The ceiling condition. Model revises with the gold answer visible, producing "rationalized" solutions. Sets the upper bound for all retry-based methods at +12.0pp with tight reproducibility.
Providing the gold answer during retry should maximize revision success rate (the model knows exactly what to aim for). This is the original STaR mechanism (Zelikman et al., 2022) and what He et al. (2026) call "SD-Zero." It should be the best possible single-retry method.
Expected: Best outcome for retry methods. Sets the ceiling.
Actual: +12.0pp, confirmed as ceiling. But only ~3pp above bare "try again" (+8.8pp).
This is "SD-Zero" from He et al. (2026): self-revision conditioned on gold answer, filtered, SFT.

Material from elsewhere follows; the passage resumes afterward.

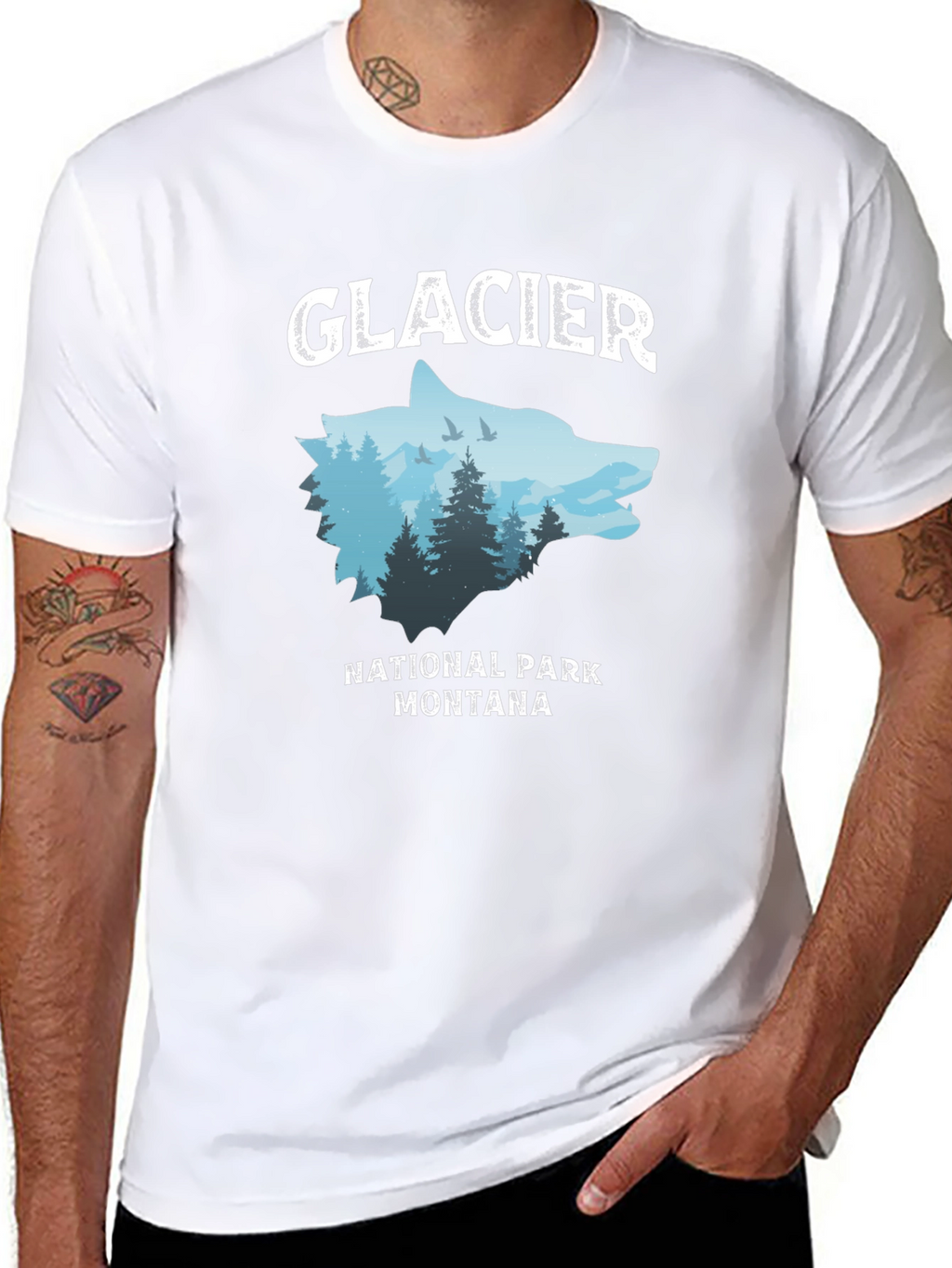 Glacier National Park Wolf Graphic Tee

| Seed | Baseline | Post-training | Delta |
|---|---|---|---|
| 42 | 40.8% | 52.9% | +12.1pp |
| 123 | 40.8% | 52.1% | +11.3pp |
| 456 | 40.8% | 53.5% | +12.7pp |
| Mean | 40.8% | 52.8% | +12.0 +/- 0.7pp |
| Component | Contribution | Evidence |
|---|---|---|
| Failure signal (retry trigger) | +8.8pp (73%) | Bare "try again" gives +8.8pp |
| Higher success rate from gold | +3.2pp (27%) | Gap: 12.0 - 8.8 = 3.2pp |
| Information guiding reasoning | ~0pp | Wrong PI gives +9.8pp (noise band) |
Ceiling interpretation: The gold answer raises retry success from ~49% to ~60%, producing ~3,900 correct revisions vs ~3,200. The extra training data accounts for the ~3pp gap over bare retry. Information content contributes through DATA VOLUME, not reasoning quality.
Stored at: /data/ughai-sandbox/opsd_experiments/sd_zero_gold/. Training converges faster than bare retry due to more examples. Validation loss is slightly better at step 200 but converges similarly by step 500.
Gold-answer STaR was previously believed to work via "rationalization." Our ablation battery reveals:
A practitioner who lacks gold answers loses only ~3pp by using bare retry. The gold answer is a convenience for data yield, not a fundamental requirement.